En la primera fase se toma el tono del hombro
predeterminado y se le añade el polvo
fluorescente (si se dispone de él, no todas las
empresas lo tienen) en una proporción máxima
de un 50%, todo dependerá del color del
muñón subyacente, cuanta más luminosidad
se necesite mayor cantidad de fluorescente.
La combinación se mezcla con un líquido
especial, este detalle es importante, no sirve
cualquier líquido de modelar, el líquido para
hombros tarda poco tiempo en secar. Es decir
seca más rápido.
Cuando se ha evaporado endurece la masa
de hombro para que sea más fácil retirar del
modelo, algunos llegan a endurecer tanto
como yeso fraguado.
Cuando se mezcla, la consistencia es cremosa
y fluida y por último, se adhiere menos al
muñón de yeso, cualidades absolutamente
necesarias para confeccionar un buen hombro.

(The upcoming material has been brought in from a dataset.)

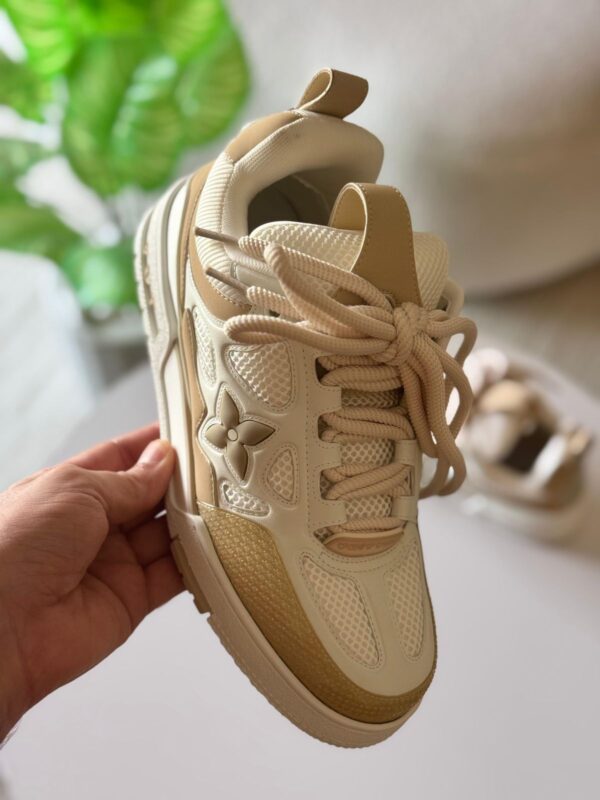 WhatsApp Image 2025-11-18 at 1.23.53 PM Luxury-inspired beige chunky sneakers with mesh upper and 3D floral detailing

Una vez mezclado debe tener una consistencia
cremosa algo espesa, para que se pueda
tomar una buena cantidad con la punta del
pincel, o con espátula si se desea.
Cuando se maneja una cantidad grande, se
evita la inclusión de burbujas de aire atrapadas
durante el mezclado. Se aplica al modelo
remontando hasta unos 3mm. de altura del
margen, después se comprime fuerte con un
pañuelo de papel.
Tras esta operación se observa que el volumen
de la masa aplicada se ha reducido, por
lo que se repite la operación hasta que tenga
el volumen de material deseado, con aspecto
de prominencia. Foto 8
Después con la espátula se vibra para compactar
el material.
Todo el proceso se efectúa sobre el modelo
maestro, (no se puede trabajar fuera de él y
menos aún cuando se trata de un puente).